▶ [GIVEN RECORDS]
_ _ _
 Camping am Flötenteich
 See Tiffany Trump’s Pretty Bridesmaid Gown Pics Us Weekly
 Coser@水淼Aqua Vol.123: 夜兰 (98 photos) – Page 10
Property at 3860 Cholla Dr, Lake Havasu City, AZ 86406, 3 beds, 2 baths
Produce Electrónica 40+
_ _ _
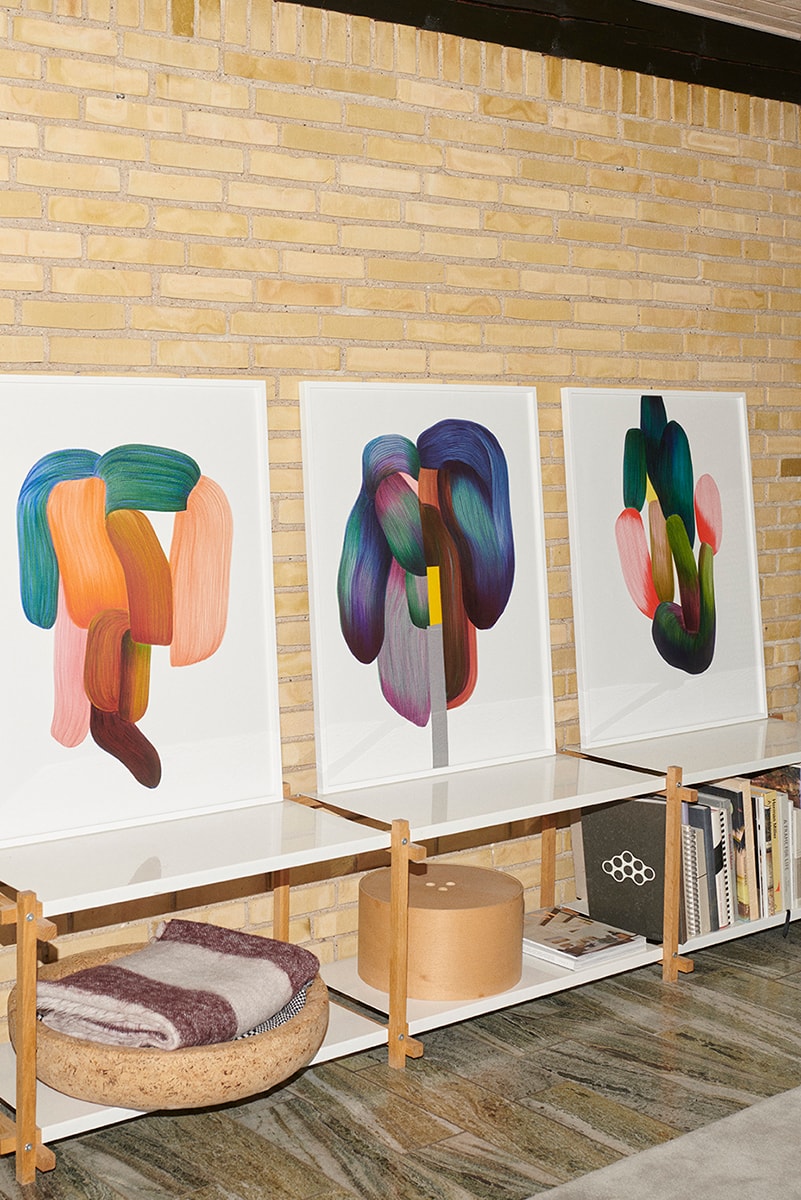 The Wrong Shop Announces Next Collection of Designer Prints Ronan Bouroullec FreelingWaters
_ _ _
▶ [YOUR OBJECTIVE] Extract exactly and only the lines above from the line containing "Coser@水淼Aqua Vol.123: 夜兰" through the line containing "Produce Electrónica 40+", both end lines included.

▶ [SOLUTION BELOW]
 Coser@水淼Aqua Vol.123: 夜兰 (98 photos) – Page 10
Property at 3860 Cholla Dr, Lake Havasu City, AZ 86406, 3 beds, 2 baths
Produce Electrónica 40+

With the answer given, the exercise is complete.